## Requirement:
Using the data that follows, output only the lines from the line with "2024 Nissan Armada Platinum 4WD" up to and including the line with "Lightweight Quilted women’s jacket", exactly, leaving pictures aside.

Dataset START

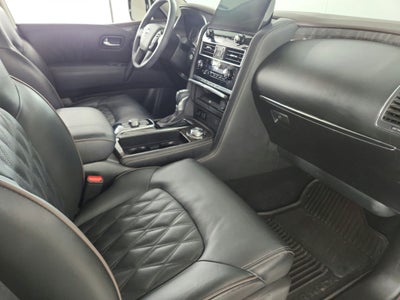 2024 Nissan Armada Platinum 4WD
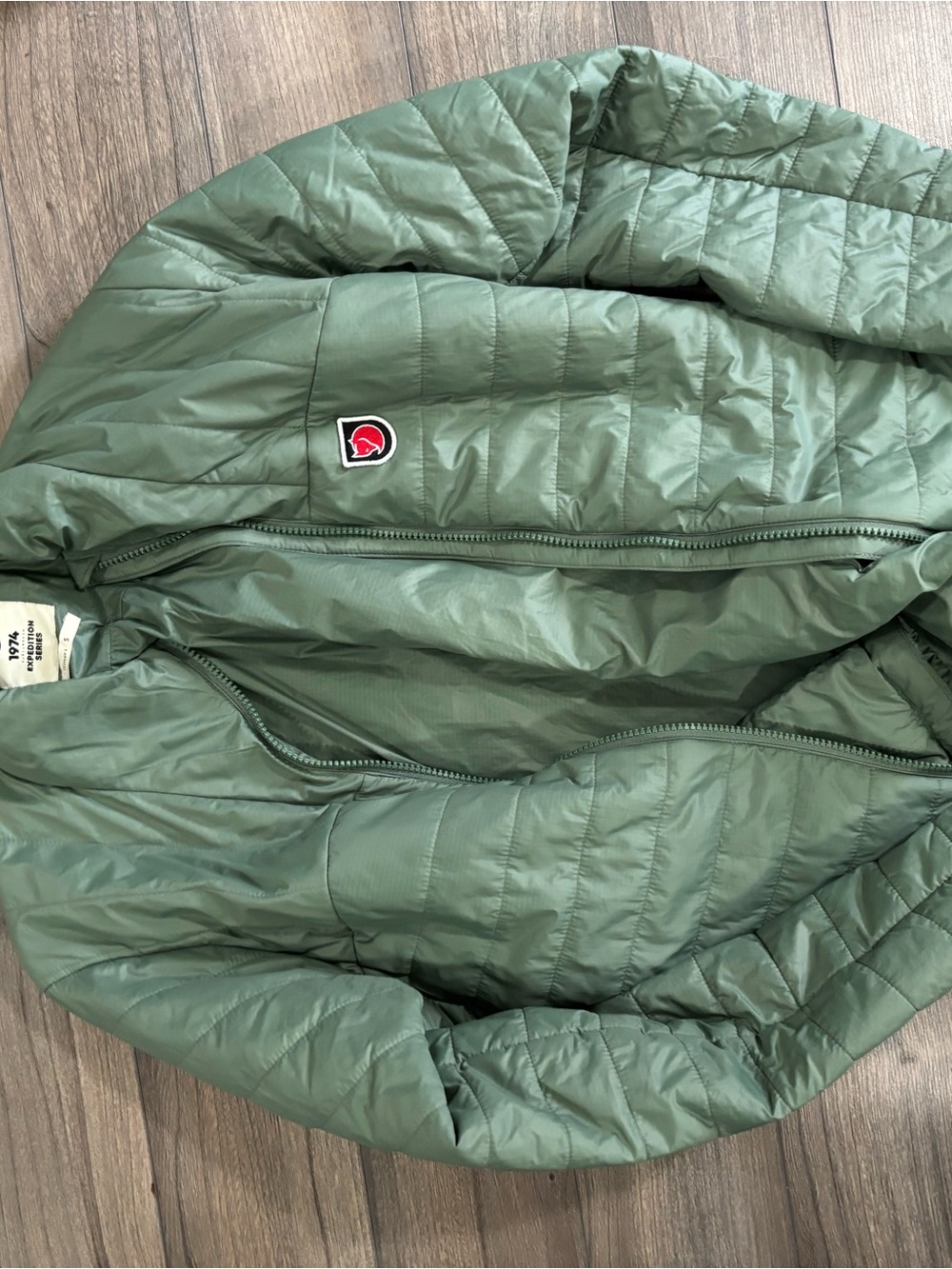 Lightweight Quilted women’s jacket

Dataset END
Dataset START

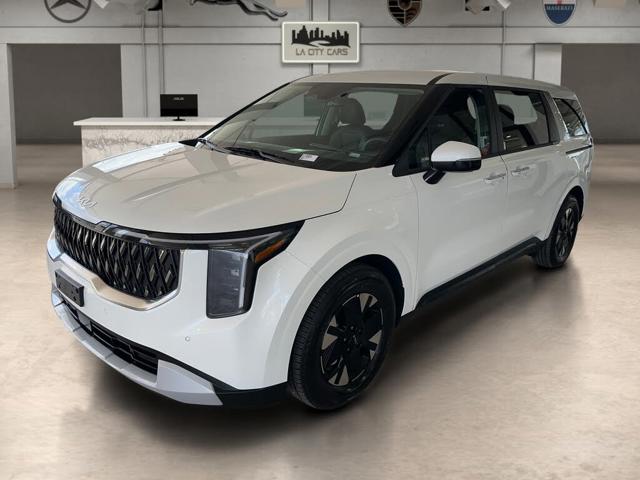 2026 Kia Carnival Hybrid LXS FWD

Dataset END

## Your solution:
 2024 Nissan Armada Platinum 4WD
 Lightweight Quilted women’s jacket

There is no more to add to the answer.